-.- --. .-. --..

Notes on running production code

This tweet by Charity Majors prompted me to write this post. It’s structured on the lines of the tweet-thread she has posted on how production deploys are more of an organic thing that evolves over time rather than a flip-of-a-switch event. This summarizes what I learnt over the course of running and maintaining a production deployment of a JavaScript error tracker.

Background

In the early days of my career as a programmer, I worked on Rails applications that were mostly deployed on Heroku. Pushing to prod was nearly a push of a button. Adding metrics was a click in UI or a command on from my local machine.

Away from such apps, I’ve also worked on writing/modifying build scripts that pushed code to production in an on-premise setup. But the one project in which I maintained the entire pipeline (Software Development Life Cycle—SDLC, except may be not much of the D) was an on-premise installation of Sentry (A JavaScript error tracker). It’s a typical1 Django project that has solid documentation and instructions on how to set it up on your own.

This system initially ran on a single machine serving a single team, handling a moderate rate of errors (“events” in Sentry-speak).

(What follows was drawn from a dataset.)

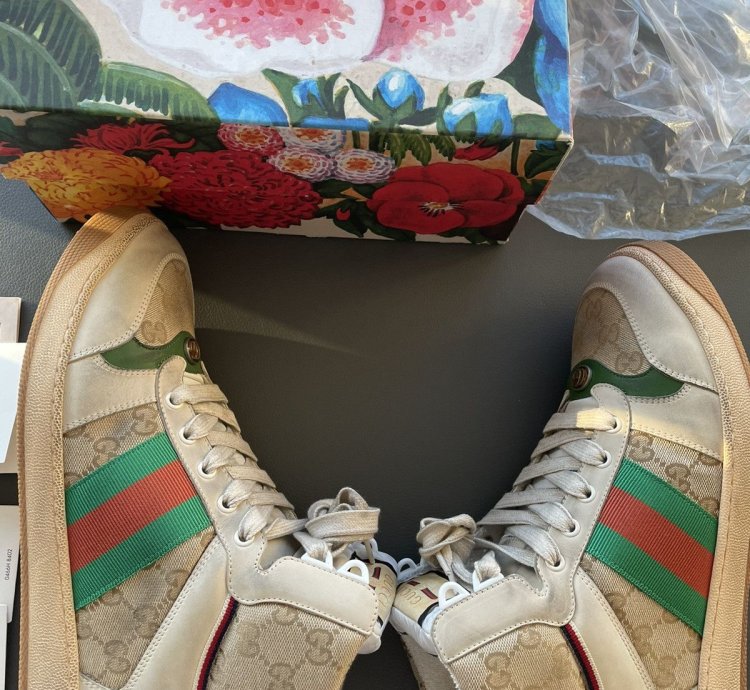 Brand New Limited Edition Distressed Washed GG Logo Sneaker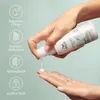 A hand is dispensing a product from a bottle onto another hand, with icons and text describing product benefits on the left. Voir les images du produit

Over a period of one and a half years though, this became critical infrastructure that serviced more than 18 teams by the time I left the project.

Even though I read and got familiar about how best to run applications in production (like the 12-factor app, for instance), it’s never quite the same actually maintaining an application in production, especially without the convenience of all the modern cloud tooling that a well-done {S,P}aaS provide (AWS, GCP, Heroku).

It’s been an interesting journey that I think it’s worth documenting.

Lesson 1 Documentation

Which is a neat segue into documentation. Sentry’s documentation is very thorough, and the code is open-source. Since I had seen many Rails applications like it1, even though I’m not fluent in Python, it was slightly easy to grok the codebase with the documentation’s help, and to know where to expect something in code. For instance, caching configuration—it’s usually a middleware.

However, that’s not what I’m referring to. Even with thorough documentation of the tool itself, there’s usually a lot of underlying assumptions/knowledge that goes into the deployment. For instance:

  1. How do the environment variables and secrets get populated in production?
  2. What’s the architecture layout? What worked best and what were the initial mistakes, if any?
  3. Who owns the cluster? How does someone SSH into a particular box, for instance?
  4. What are the relevant dashboards for the service? What kind of monitoring is setup, and why the specific choice?

All these (and more) should be propagated within the team, in order to ensure continuity of the system. This is even more important if the team is primarily composed of non-ops programmers.

Moreover, as the application and the choices evolve, there will be more information on why the older decisions aren’t valid anymore. That chain is quite important if someone else has to refer to it in the future.

Lesson 2 Just enough tooling

The sentry on-premise installation can be done in two ways: Use the supplied Docker images, or wrangle Python setup directly on the machine. Before I worked on this project, the web processes were run using Docker images, and the database was installed directly on a separate machine. The entire setup was manually checked and fixed during downtimes. And there were a lot. That was fine during the evaluation stage, but not good when there are going to be multiple teams relying on the system to be available for longer than a week.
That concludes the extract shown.